The winter solstice became a festival during the Han Dynasty (206 BC-AD 220) and thrived in the Tang and Song dynasties (618-1279). Han officials organized celebrations and it was recognized as a holiday; frontier fortresses closed and business and travel stopped. In the Tang and Song dynasties, it was a day to make offerings to heaven and people’s ancestors, something both emperors and common people did. According to records from the Qing Dynasty (1644-1911), the day was regarded to be as important as Spring Festival (Chinese Lunar New Year).

The kinds of food people eat during Winter Solstice Festival vary due to different local customs.

In some parts of northern China, like Beijing, people eat dumpling soup (huntun) on this day. It’s said that in the Han Dynasty, when Hun tribes attacked China’s borders, two tribal leaders were the fiercest. One was named Hun and the other Tun. So when people made food to offer to their ancestors and celebrate the festival, they called the dumpling soup they ate huntun to show their hatred for their enemy.

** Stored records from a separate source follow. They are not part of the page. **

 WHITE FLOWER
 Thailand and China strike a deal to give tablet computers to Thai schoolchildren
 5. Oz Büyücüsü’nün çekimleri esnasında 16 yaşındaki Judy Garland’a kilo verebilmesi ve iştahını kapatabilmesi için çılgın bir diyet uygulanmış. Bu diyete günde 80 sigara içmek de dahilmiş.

In other parts of northern China, such as Henan, people eat dumplings in honor of a famous doctor named Zhang Zhongjing (150-219). Zhang is remembered not only as a brilliant physician but as being very kind to the poor.

According to local custom, one year the winter was so cold that many people in Zhang's hometown of Nanyang suffered from painful chilblains. Seeing that his small clinic was no longer able to accommodate an ever increasing number of patients, Zhang asked his brother to put up a tent in the village square. A large cauldron was placed inside the tent to prepare medicine, in which Zhang had dumplings stuffed with mutton boiled. Every patient got a bowl of the soup with two dumplings, and their chilblains disappeared in a day or two. Zhang's mixture soon became a popular recipe, and when he died, people began to eat dumplings on the day of the winter solstice in his memory.

In northern China, many people eat mutton and dog meat because these are believed to be hot yang foods, bringing warmth to the body and dispelling the cold of yin.

In parts of southern China, people eat tangyuan (rice dumplings), a kind of stuffed small sweet ball of glutinous rice flour. Tangyuan can be used as offerings to ancestors or gifts for friends and relatives. The Chinese word tang (meaning “soup”) sounds like tuan, which means reunion, while yuan means perfect and happy. The entire phrase tangyuan therefore symbolizes "tuanyuan" (family reunion), and eating it at the winter solstice signifies family unity and prosperity. For luck, some families prefer to have pink tangyuan mixed in with white ones.

In other parts of southern China, whole families get together to have a meal of red beans and glutinous rice to drive away ghosts and evil. According to one tale, a man named Gong Gongshi had an evil son who died on the winter solstice. After death, he became a spirit that made people ill, but Gong knew his son was afraid of red beans so he taught people to cook red bean rice to keep him at bay.

People in Taiwan have a custom of offering nine-layer cakes to their ancestors. They make cakes in the shape of chickens, ducks, tortoises, pigs, cows or sheep with glutinous rice flour and steam them in different layers of a pot. These animals all signify good luck in Chinese tradition. People of the same surname or family clan gather at ancestral temples to worship in age order.

Noodles are popular in many areas; as the days get longer there is s saying that each gets longer by the length of a thread. So noodles specially made for the festival are called Long Thread Noodles.